Changement d'échelle industrielle. Fort de ce succès, Bouygues Bâtiment International a inauguré enfin d'année 2018 deux nouvelles lignes de production sur son site de finitions de Jurong Port (Singapour), pour porter sa capacité à 10 000 m². Un outil industriel indispensable à la conduite de trois nouveaux projets dans la ville : les 842 caissons actuellement en production de l'ensemble Perumal, soit 356 appartements à livrer en juin 2020 ; les 2 012 éléments 3D destinés aux 613 logements de Serangoon ; et les 2 514 volumes préfabriqués, répartis à travers plusieurs immeubles de quinze étages pour former 834 appartements d'ici à octobre 2020 dans la résidence Woodleigh Lane.
Le fabricant utilise des moules qui permettent de couler d'un seul tenant cinq des six murs des caissons.
Aucun doute, nous assistons là à un changement d'échelle qui se traduira par des transformations radicales au sein de l'usine. Demain, les compagnons seront équipés d'exosquelettes pour réduire la pénibilité. Et très prochainement, les disparités de durée pour une même tâche seront résorbées, grâce à une analyse lancée il y a sept mois. Après traitement statistique des données collectées auprès des compagnons, une chrono-ana-lyse pour chaque lot technique pourra en effet être réalisée.
Côté outils de production, le constructeur utilise désormais des moules en 3D, qui permettent de couler d'un seul tenant cinq des six murs de chaque caisson. « Ces moules représentent un investissement initial plus élevé, mais leur utilisation accélère le coulage », souligne Aurélie Cléraux. Ils s'avèrent donc particulièrement rentables lorsque de grandes séries sont programmées. En revanche, pour les opérations de moindre envergure, la préfabrication d'éléments en 2D reste plus adaptée.
Toujours en vue d'optimiser la productivité, Bouygues Bâtiment International prévoit de recourir à des robots autonomes qui amélioreront la distribution des matériaux. Et pour aller plus loin, il veut également mettre en place un outil de gestion de la production entièrement numérique, qui devra permettre de suivre l'avancement de chaque module en temps réel.

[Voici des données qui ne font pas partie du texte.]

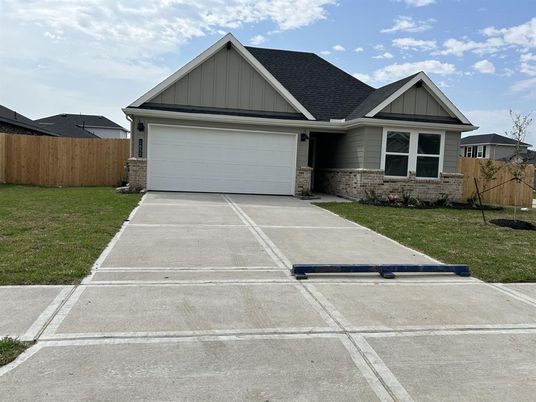 Attached, Exterior, Facade, Ranch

Des évolutions qui permettront au groupe de BTP de faire-valoir encore davantage son expertise en préfabrication sur d'autres territoires, tels que le Royaume-Uni. Sa filiale britannique a d'ailleurs déjà livré, en juin 2016, l'hôtel Citizen M à Londres, dont les 216 chambres ont été réalisées grâce au modulaire. « Non seulement ce mode constructif existe déjà largement outre-Manche, mais les Anglais cumulent également fort besoin en logements et pénurie de main d'œuvre », explique Aurélie Cléraux. Le constructeur n'en oublie pas pour autant le marché français où il amené plus de 20 projets à ce jour, parmi lesquels l'ensemble Catalpa pour l'armée ou des résidences étudiantes. A plus long terme, il cible les Etats-Unis, l'Australie, Hong Kong et le Moyen-Orient.